[[ INPUT FOR THIS TASK open ]]

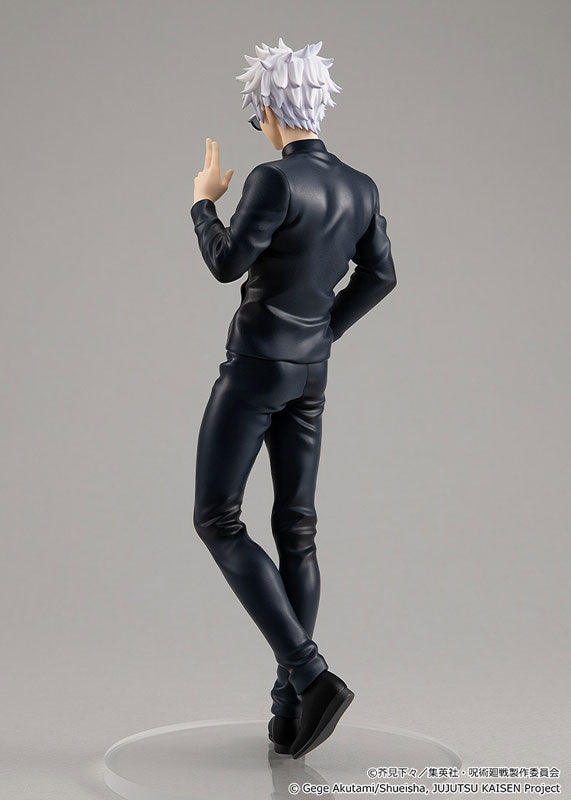 POP UP PARADE Jujutsu Kaisen Satoru Gojo Hidden Inventory / Premature Death Ver. Preventa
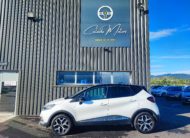 RENAULT CAPTUR (2) 1.5 DCI 110 ENERGY INTENS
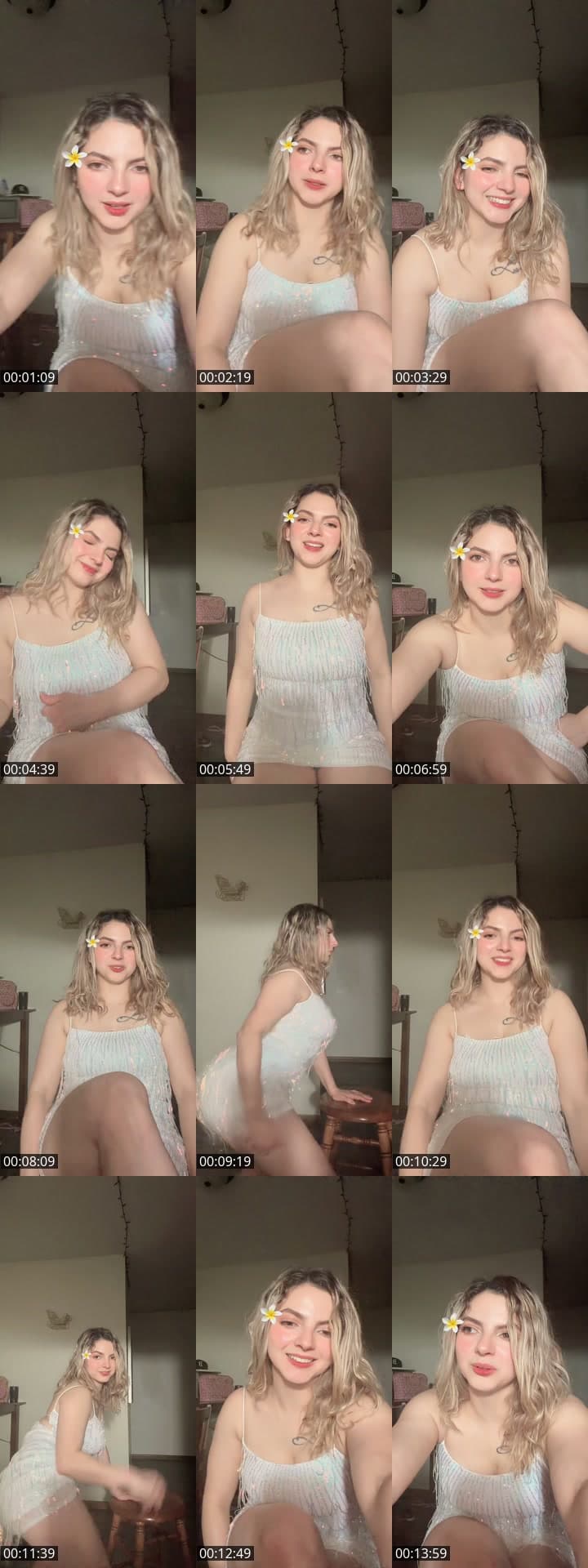 @joselingmatus12 TikTok live stream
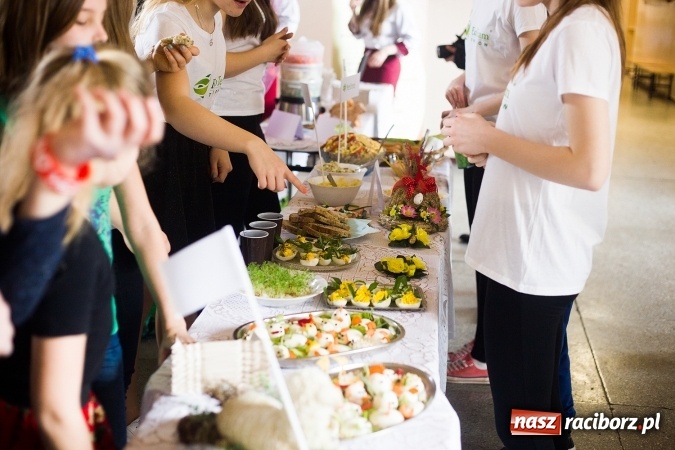 Zdjęcie w galerii na portalu naszraciborz.pl: Kolejne EKO Śniadanie w Tworkowie za nami wiadomości z regionu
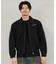 SANTACRUZ/アウター ワークジャケット SC PATCHES WORK JACKET 502254104 サンタクルーズ メンズ ムラサキスポーツ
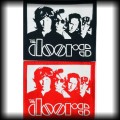 Naszywka The Doors.jpg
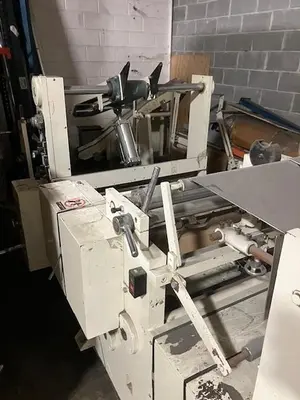 USED 2014 HERO 4202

[[ INPUT FOR THIS TASK closed ]]

▸ ASSIGNED TASK:
Would you return all of the entries unchanged while omitting the images?

▸ WORKED SOLUTION:
 POP UP PARADE Jujutsu Kaisen Satoru Gojo Hidden Inventory / Premature Death Ver. Preventa
 RENAULT CAPTUR (2) 1.5 DCI 110 ENERGY INTENS
 @joselingmatus12 TikTok live stream
 Zdjęcie w galerii na portalu naszraciborz.pl: Kolejne EKO Śniadanie w Tworkowie za nami wiadomości z regionu
 SANTACRUZ/アウター ワークジャケット SC PATCHES WORK JACKET 502254104 サンタクルーズ メンズ ムラサキスポーツ
 Naszywka The Doors.jpg
 USED 2014 HERO 4202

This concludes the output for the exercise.